## RECORDED INFORMATION
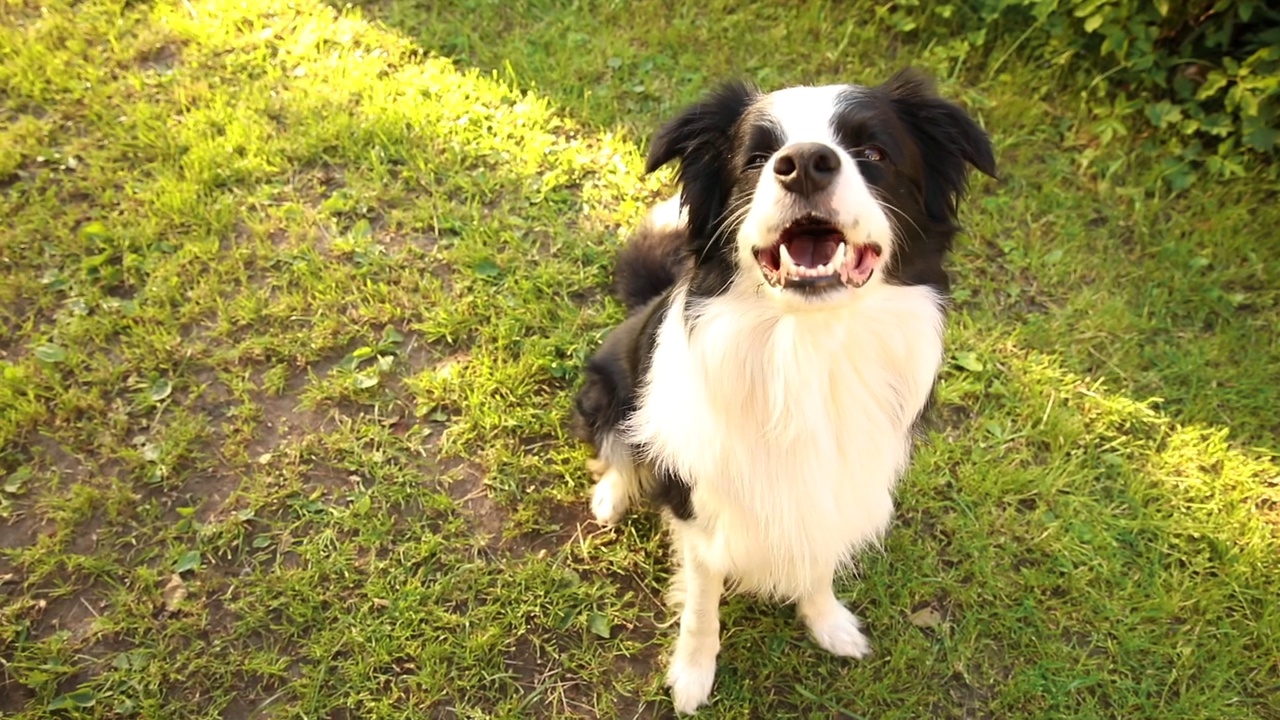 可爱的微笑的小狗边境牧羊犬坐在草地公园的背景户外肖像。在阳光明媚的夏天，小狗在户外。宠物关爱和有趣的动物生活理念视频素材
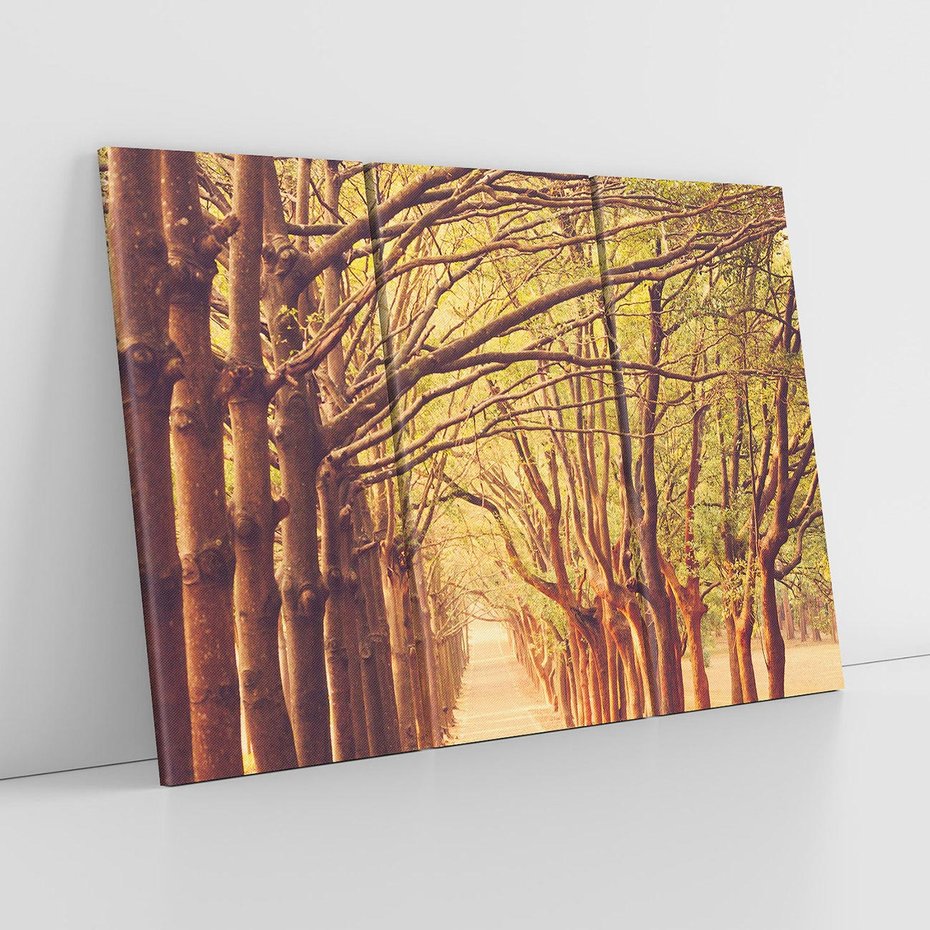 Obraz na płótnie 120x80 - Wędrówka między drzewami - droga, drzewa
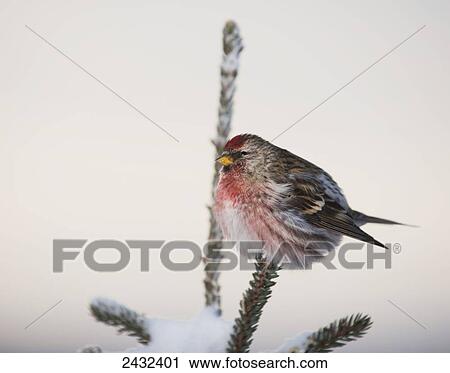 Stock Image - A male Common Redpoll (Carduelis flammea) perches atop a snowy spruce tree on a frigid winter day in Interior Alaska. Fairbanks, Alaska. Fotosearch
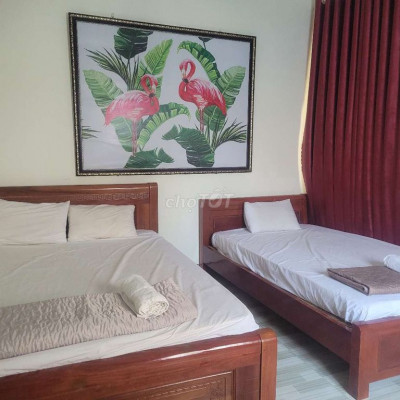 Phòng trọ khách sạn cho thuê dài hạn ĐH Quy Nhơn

## ABOUT THIS EXERCISE
Please leave the images out and retype the rest of the material exactly.

## WRITTEN RESPONSE
 可爱的微笑的小狗边境牧羊犬坐在草地公园的背景户外肖像。在阳光明媚的夏天，小狗在户外。宠物关爱和有趣的动物生活理念视频素材
 Obraz na płótnie 120x80 - Wędrówka między drzewami - droga, drzewa
 Stock Image - A male Common Redpoll (Carduelis flammea) perches atop a snowy spruce tree on a frigid winter day in Interior Alaska. Fairbanks, Alaska. Fotosearch
 Phòng trọ khách sạn cho thuê dài hạn ĐH Quy Nhơn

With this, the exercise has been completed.